Leipzig would be the first of four LAN’s that would define Niko’s greatness and also his unfortunate storyline. Being the first big tournament of 2016, Leipzig would help set the tone for the tournament circuit in the lead-up to the major MLG Columbus. After handily dispatching of Virtus.pro in their first game, Niko and his squad would face a newly branded group of formidable Danes in order to get out of groups in first place – Astralis. The game started out as most mousesports games do, with Niko top fragging and solid default play as terrorists; however the finish to this game was anything but standard. With the game going into double overtime due to an insane quad kill clutch from Niko, mousesports still ended up coming out second best, after Niko’s teammate – dennis, accidently team killed him, which resulted in the loss of a crucial round, and began a collapse of events, leading to a defeat. This loss resulted in the side playing a surprisingly strong Dignitas and being eliminated from the tournament in 5th-6th place. This unfortunate formula of events at Leipzig would set the tone for an eerily similar grouping of circumstances at mousesports’s next big 3 LAN’s: IEM Katowice, MLG Columbus, and Dreamhack Malmo. At Katowice in their final chance to get out of groups against Fnatic, Niko once again played lights out counter-strike. Dropping 42 kills with a 1.59 rating, but still losing in overtime, eliminating mousesports from Katowice in the groupstage. Again at the first CS:GO major of the year – MLG Columbus, Niko remained permanently fixed at the highest frag count, but still was eliminated in the group stage, after a close 2:1 loss to NiP due to Niko fighting an unwinnable battle against the opponent and his own team. Dreamhack Malmo looked to put an end to this seemingly tangential storyline of Niko’s career, with two wins over Luminosity Gaming and North American hopefuls Team Liquid, to slide cleanly into the quarterfinals, where they faced off against GODSENT. However once again in a deciding map, and once again after a career highlight 1v4 clutch, mousesports was beaten 2:1 and sent packing.
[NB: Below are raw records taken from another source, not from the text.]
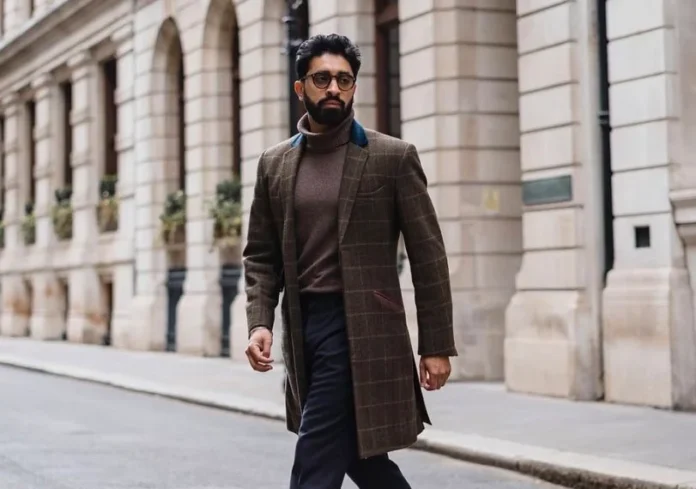 Best Fitted Mock Neck Tops for Men with Sleek Layering Profile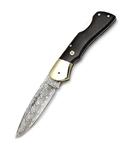 Muela BX-8DAM vreckový nôž 9 cm, drevo African Blackwood, mosadz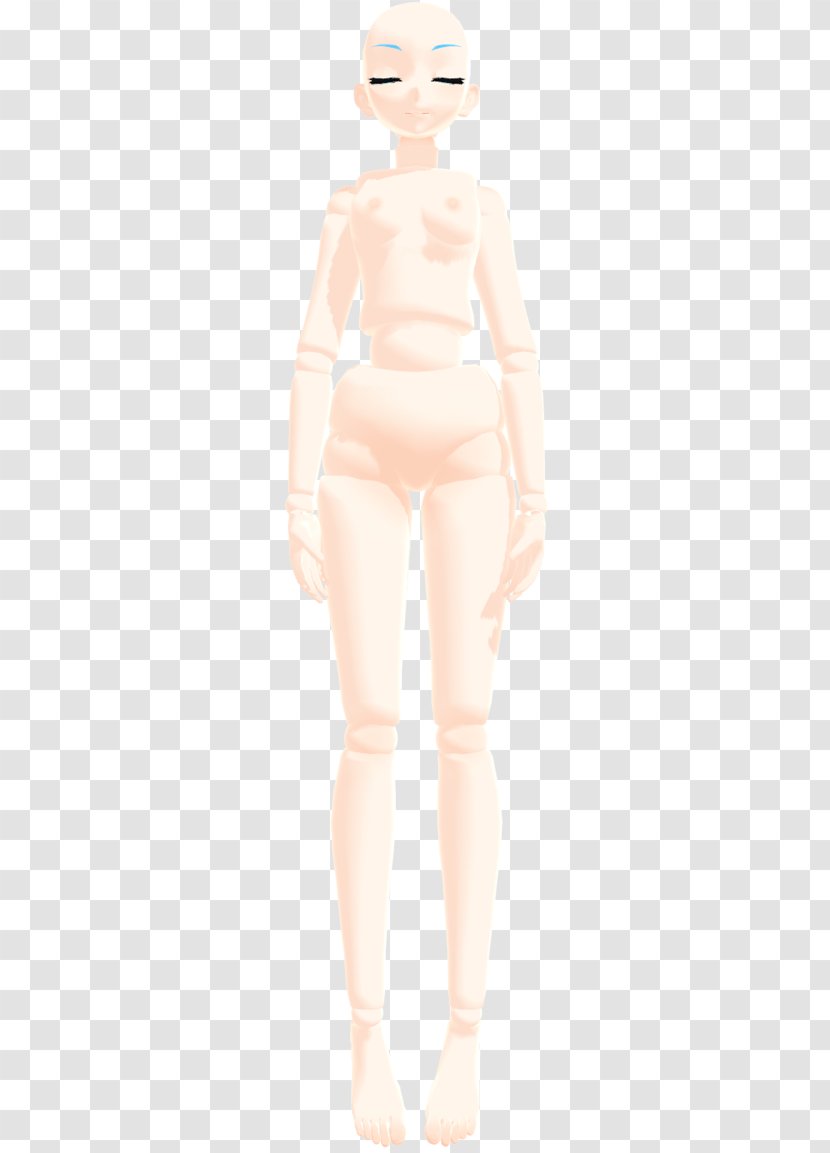 Shoulder Mannequin Peach - Balljointed Doll Transparent PNG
This permeating story of Niko’s career can be likened to that of the Hellenic tale of Prometheus. The shortened and simplified version being that after Prometheus tricked Zeus and stole ‘fire’, as punishment, Zeus chained Prometheus to a stone and forced an eagle to come and eat his liver every day, only for the liver to regrow over night and the eagle to return every single day. Just as in the myth Niko has albeit not stolen, but taken the title of best player in the world, and as his punishment he must be forced to carry his team to the brink of greatness, only for them to fail him at the last moment, and this process to be repeated every single major LAN until Niko’s insane peak in skill eventually runs out. This is the unchangeable problem that Niko faces, although for one round, half or maybe even a game his team can step forwards and take the pressure of his shoulders, the always ticking timer on his skill remains. So although Niko can already be considered one of the great players in the history of CS:GO, the real question will be how long and how far he can push his team on the back of this incredible peak in performance.